6. Mai bis 10. Juni 2018

Ausstellungseröffnung: Sonntag, 6. Mai 2018, 16 Uhr

Musik: Hanno Poths und Philipp aus dem Siepen

Seit 2010 arbeitet Joachim Poths, in Mülheim lebend, intensiver an der Verknüpfung von Photographie und Installation. Seit dieser Zeit entstanden zahlreiche Fotomontagen, inszenierte Fotos, Skulpturen und Rauminstallationen.

Zentrale Begriffe und Themen für den Künstler sind Raum und Funktion. Die jetzt von ihm konzipierte Ausstellung bei kunstwerden zeigt sich vielgestaltig, humorvoll wie zugleich tiefsinnig und schließt ältere wie auch jüngst entstandene Arbeiten in die Präsentation mit ein. Diese Werke ergänzen sich und gehen neue wie spannende Beziehungen ein.

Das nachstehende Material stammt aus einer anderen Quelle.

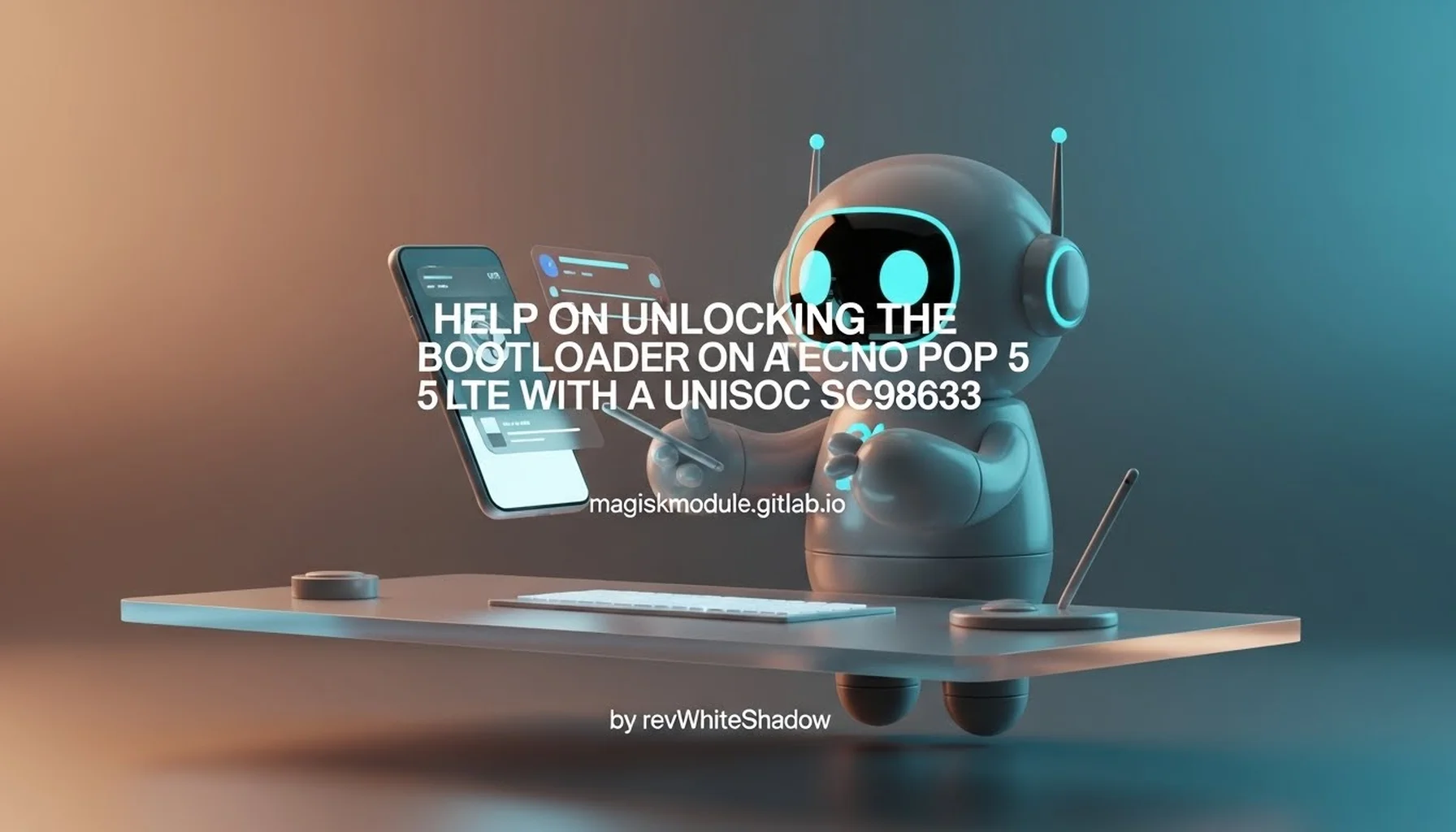 HELP ON UNLOCKING THE BOOTLOADER ON A TECNO POP 5 LTE WITH A UNISOC SC9863A
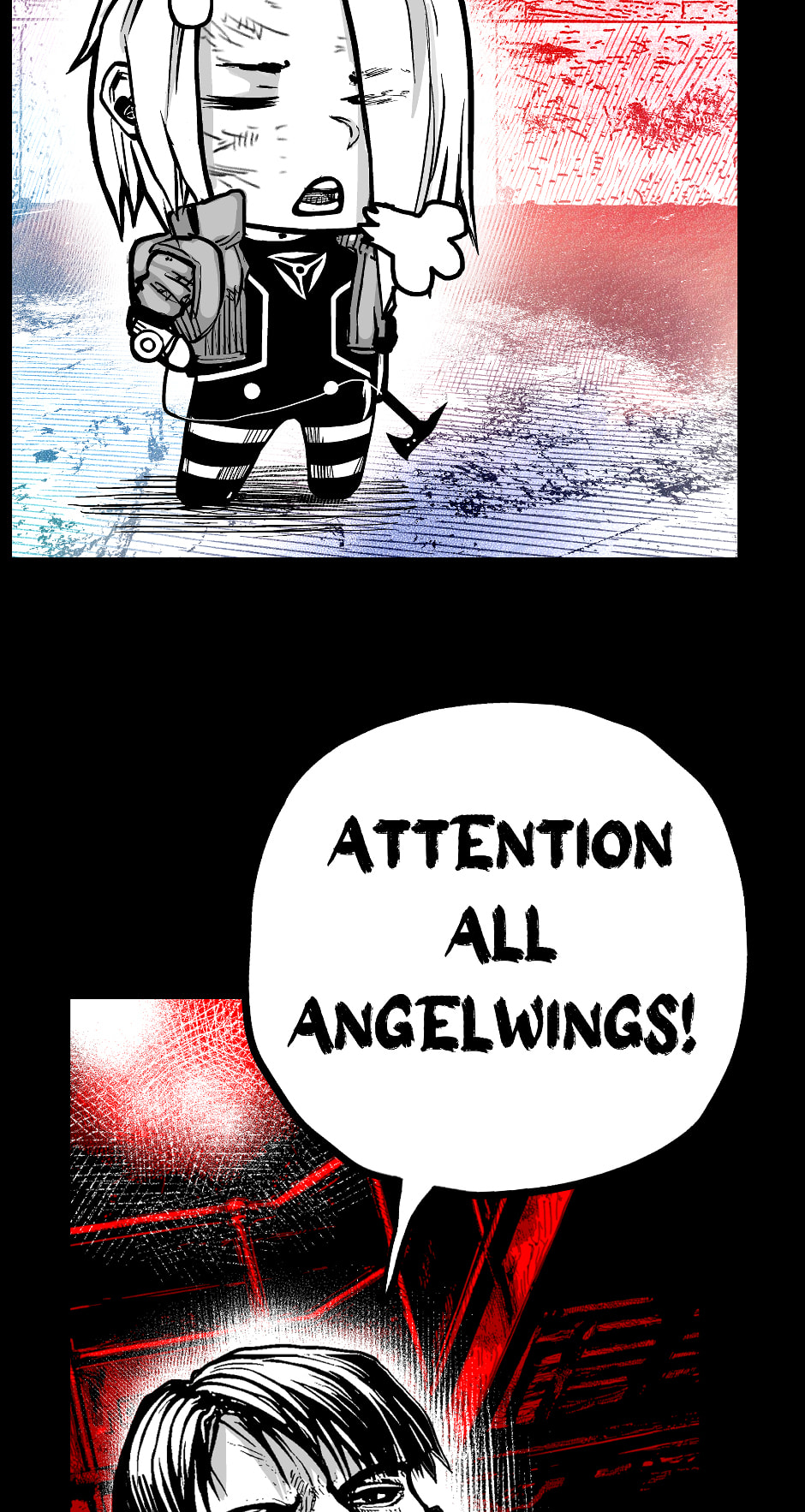 Read Tomahawk Angel chapter 176 image 50 on Lezhin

So treffen „Virtuelle Buchstaben“ in Form von Hängeskulpturen, eine insgesamt 25-teilige installative Arbeit aus den Jahren 2006 bis 2010, auf Arbeiten unter dem Titel „Hope Light“ von 2017.  Auch „Time“ und „Les Lumières“ von 2016 deuten bereits im Titel an, worum es Poths tatsächlich immer wieder auch geht – um die Natur des Sehens und des Sichtbaren. Hierbei spielen Licht und Zeit, der offene wie auch begrenzte Raum eine tragende Rolle. Gerade in der Überschreitung der Grenzen zwischen außen- und innerbildlicher Wirklichtkeit hat er eine überzeugende Möglichkeit gefunden, auch die Rahmenbedingungen für das eigentliche Sehen in den Vordergrund zu rücken. Und so kann es jetzt passieren, dass manchem in der Ausstellung durchaus tatsächlich auch ’ein Licht aufgeht’.

Joachim Poths, auch Arzt und Mathematiker, ist seit 2000 intensiv künstlerisch tätig, und Mitglied im Arbeitskreis Mülheimer Künstler, in der Essener Künstlervereinigung WBK und in der Fotografenvereinigung Pixelprojekt Ruhrgebiet.